You can hear the audio here.

Update: We’ve pasted the full text of Cook’s Q&A below:

From SAI

4:08 Clapton’s “Change the World” is playing leading up the presentation. Now “Sunny Came Home.”

4:09 Getting underway. Tim Cook reads disclosure.

4:10 Q&A begins. Steve Jobs was very clear about leadership in mobile devices. Is that how we should think about Apple at this point? Tim Cook: Yes. Let me elaborate. If you look at Dec. quarter results, which included revenues of almost $15.7 billion, as we compared ourselves to every other company in the world, including Sony and Nokia and Samsung, which now have huge mobile device businesses, we found out we were the largest in the world, measured by revenues.

4:11 How are you channeling resources differently? Transition to mobile devices began in 1991 with first introduction of portable product for Apple with introduction of the TFT screen. During that time, the Mac business has become a predominantly mobile device business. Huge difference between us and the balance of the industry in portable share.

4:12 Ah, a history lesson. Going through all the mobile devices Apple has ever launched. Vast majority of Apple’s revenue now comes from mobile devices and content purchased for those devices. Believe we’re well positioned to do extremely well because we can seamlessly offer software and hardware.

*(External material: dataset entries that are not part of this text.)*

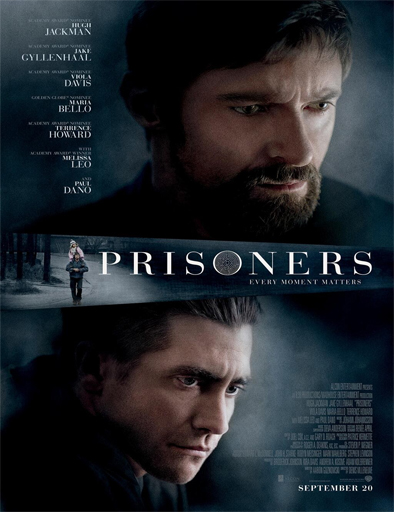 Poster de Prisoners (Prisioneros)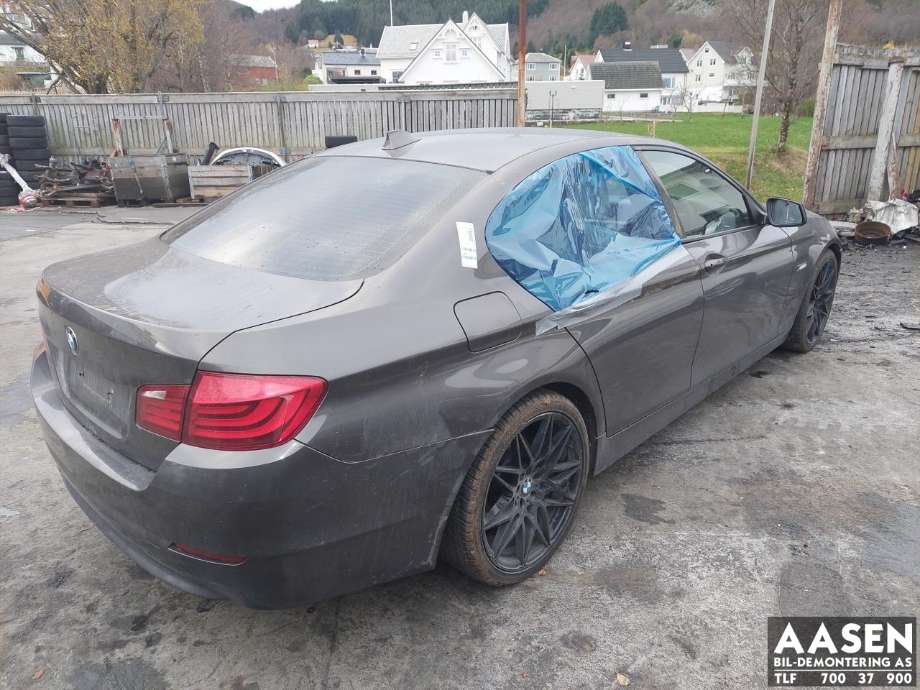 BMW 5-Serie 2010-2017 (F10/F11) (F10/F11), Motorkode: N47D, Girkassekode: GA8HP45Z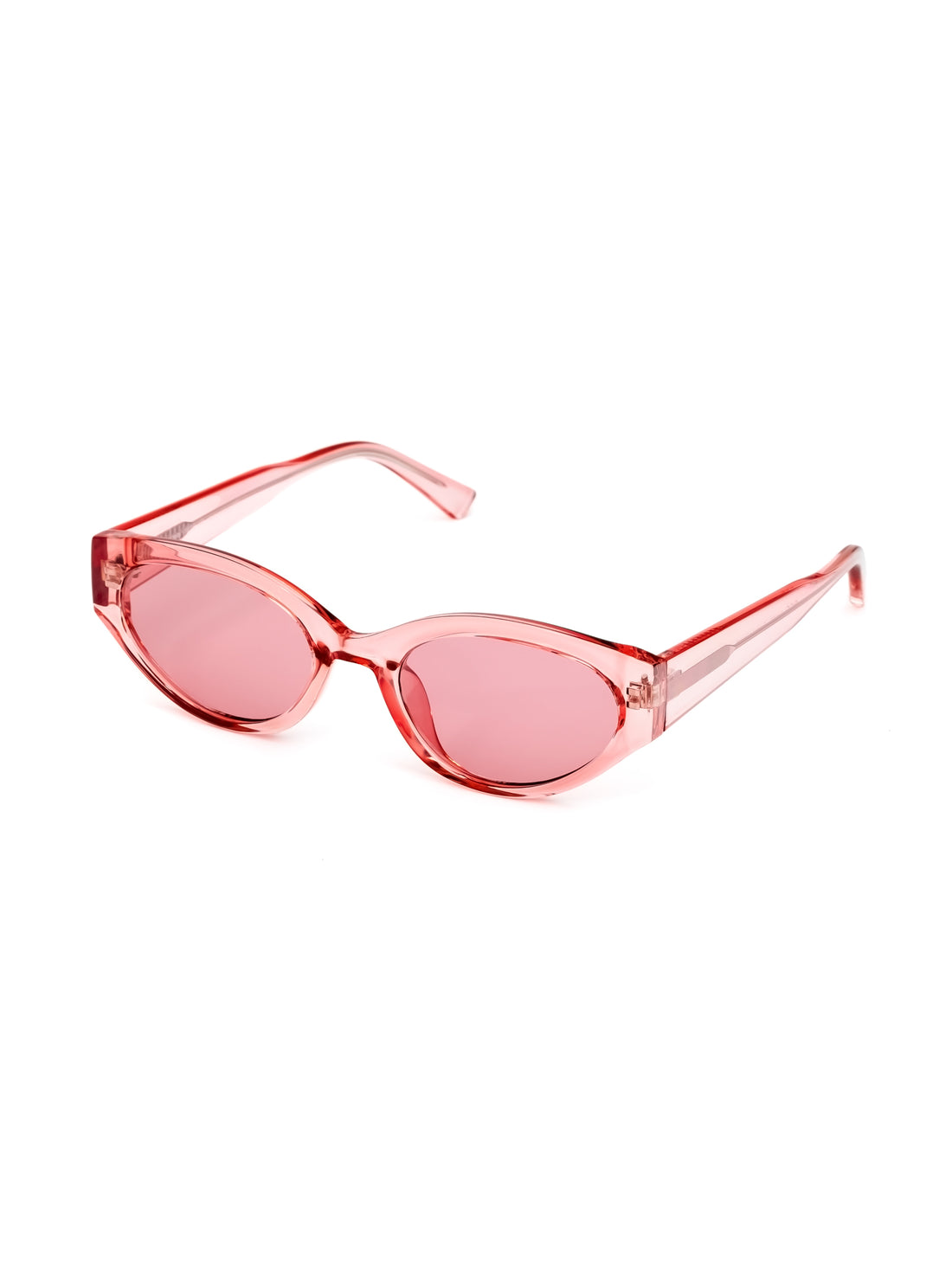 Bello Transparent Red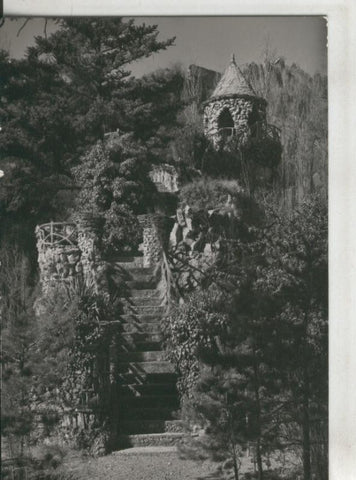 Postal 010478:  Jardins Artigas de la Pobla de Lillet
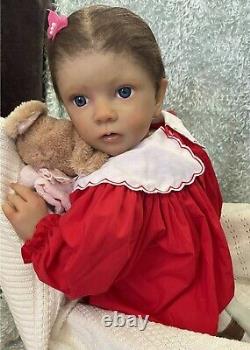 Reborn Baby Girl SOLE Missy Natali Blick By Wirth The Wait Nursery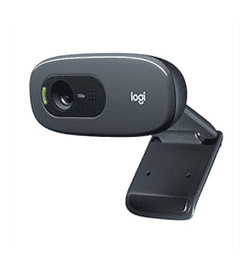 Logitech C270 HD Webcam (Black), 1 Piece, 1995 Rupees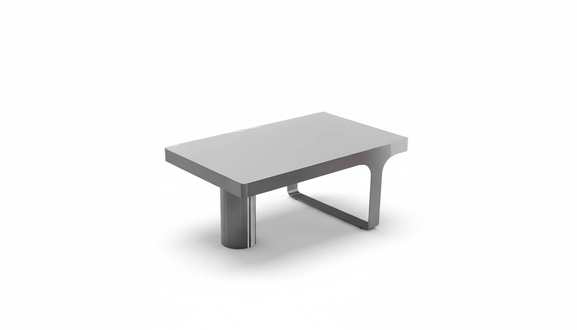Luxus Couchtisch Büro Designermöbe Tisch Neu Beistelltische Holz Grau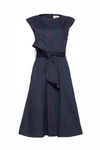 Tulum Dress - Navy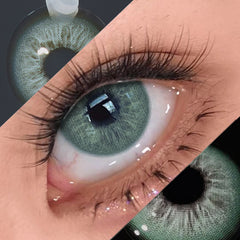 Daisy Green Contact Lenses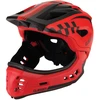 GLOBBER šalmas Helmet Racing, XS/S ( 48-53cm), raudonas, 606-102-2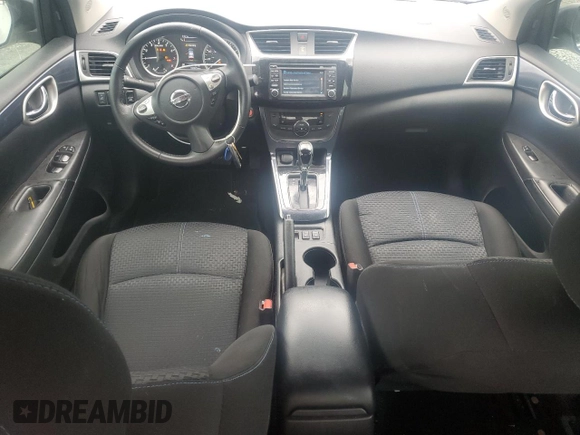 2018 Nissan Sentra SR with VIN 3N1AB7AP2JY261143, listed as a Copart auction lot 52017415 with 130,929 mi miles and Salvage Title. Bid and sale history available at DreamBid. Image 8.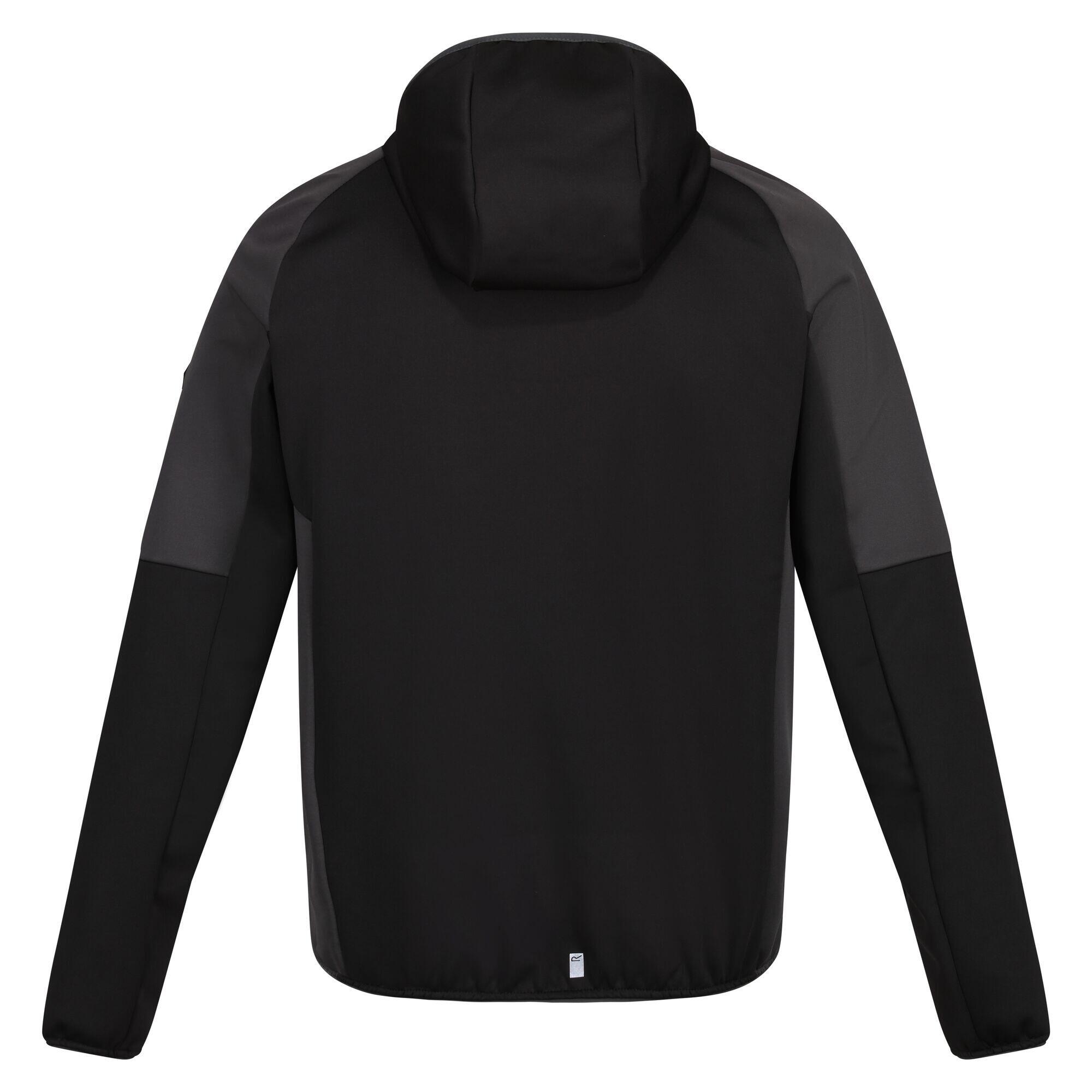 Moletom Masculino Regatta Masculino Attare Softshell Jaqueta Preta 7/7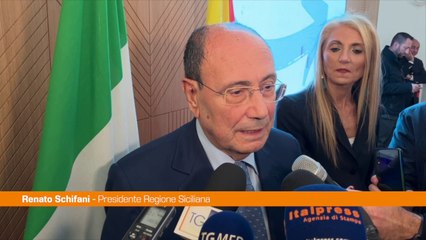 Pedemontana Palermo, Schifani "I tempi saranno brevissimi"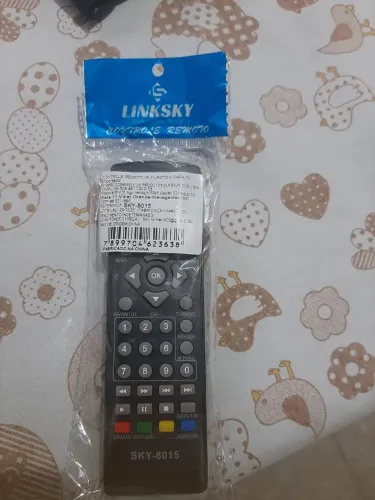controle remoto sky-8015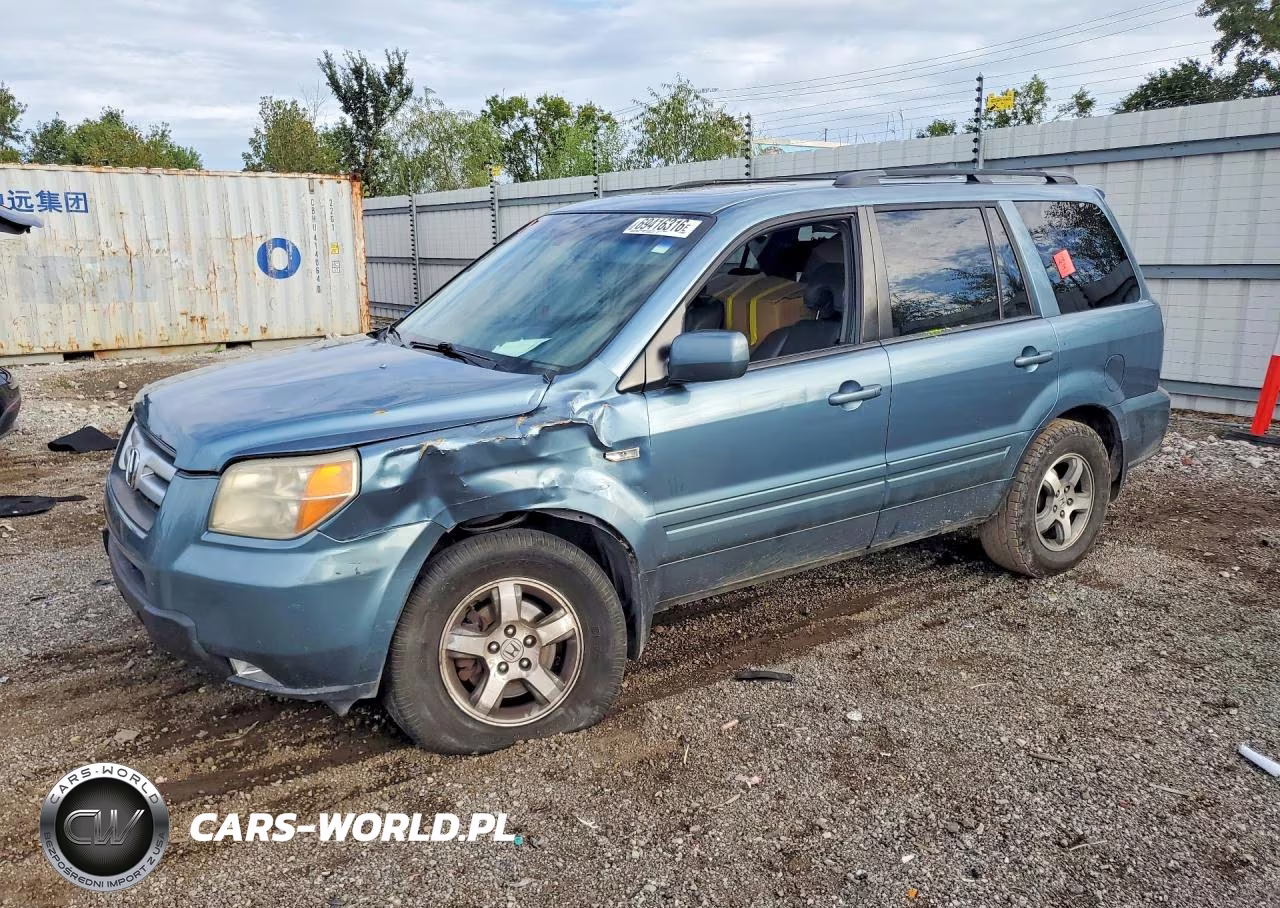2007 Honda Pilot Exl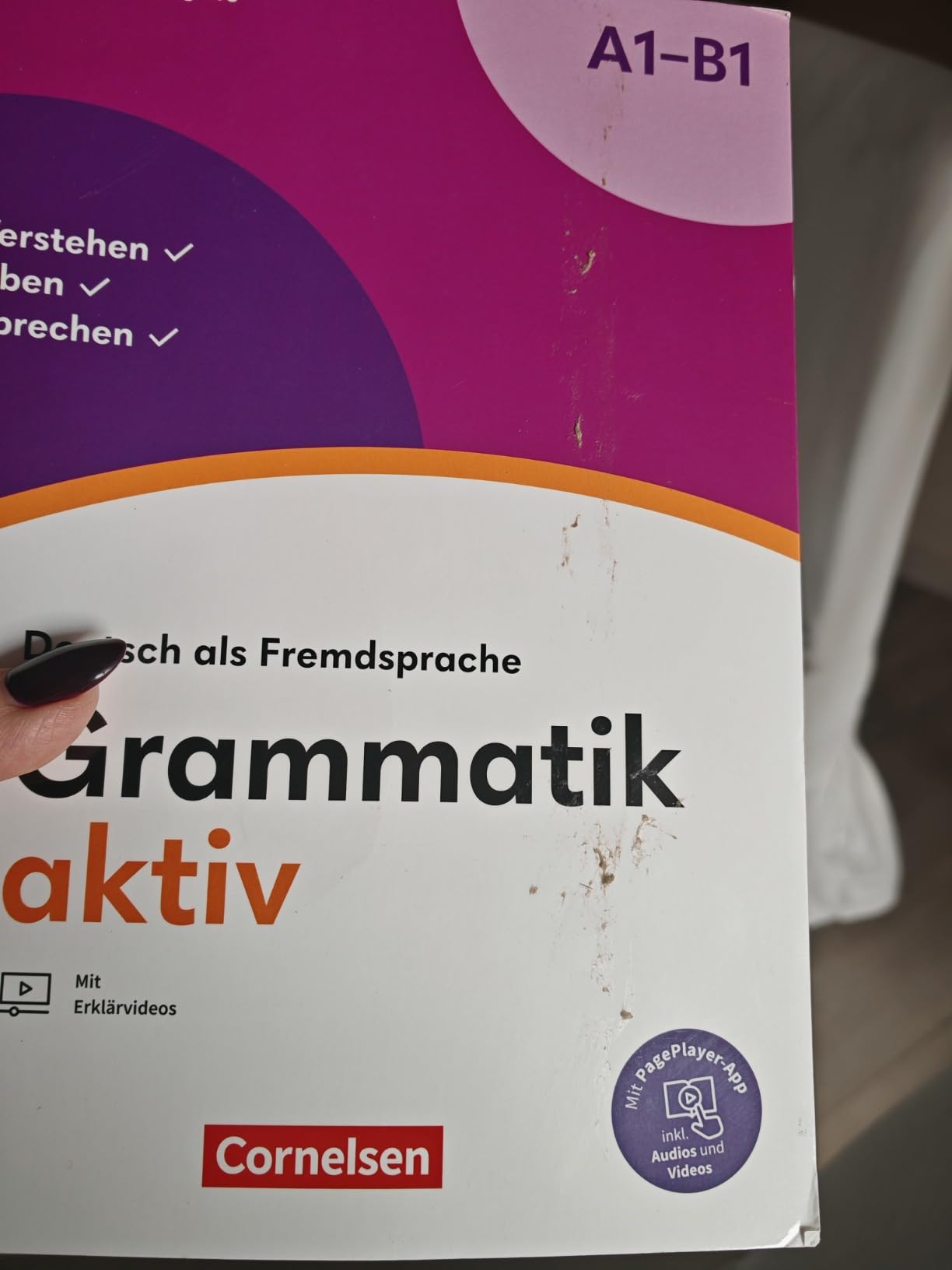 Grammatik aktiv A1-B1 - Übungsgrammatik: Deutsch als Fremdsprache ...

4:13 Who are biggest competitors and who are biggest partners? Tim Cook: I wish the world were that simple. Many people you can’t cleanly put in one or another. Take Microsoft. In Microsoft, we love the Mac Office division. They do a great product and we partner with them and work with them very tightly. Most of the balance of Microsoft we compete vigorously against, in OS, in mobile OS, etc. If you look at Google, I would say Google is similar in that respect. We partner with them in maps, in search for most of our products, but we also compete with them in the mobile OS space and now in the hardware phone space. So, it’s difficult to put people in one camp or the other always. There are some companies like the media companies where we partnered with so well that Apple is now selling billions of dollars of digital content.

4:15 Also companies like carriers where we partnered with to bring iPhone to in 86 countries. Ones that draw the most attention are the ones that are more complex, where we’re both competitors and partners.

4:16 Apple TV is still a hobby. We’ve been very clear about that. The reason that we call it a hobby… if you look at the other businesses we’re in, these businesses are all in huge markets. The unit volumes in these things is huge. Apple TV is in a market that’s very small. Today. Apple TV did grow in the quarter we just finished by 35% in a unit basis year-over-year.

4:17 No interest in going into the TV market. But still think there’s something there. So we continue to invest in this as a hobby.

4:18 iMac is very key, will continue to be very key. I think people will continue to want a very gorgeous large screen, all-in-one, simple to use, very elegant machine, we’re going to continue to deliver it.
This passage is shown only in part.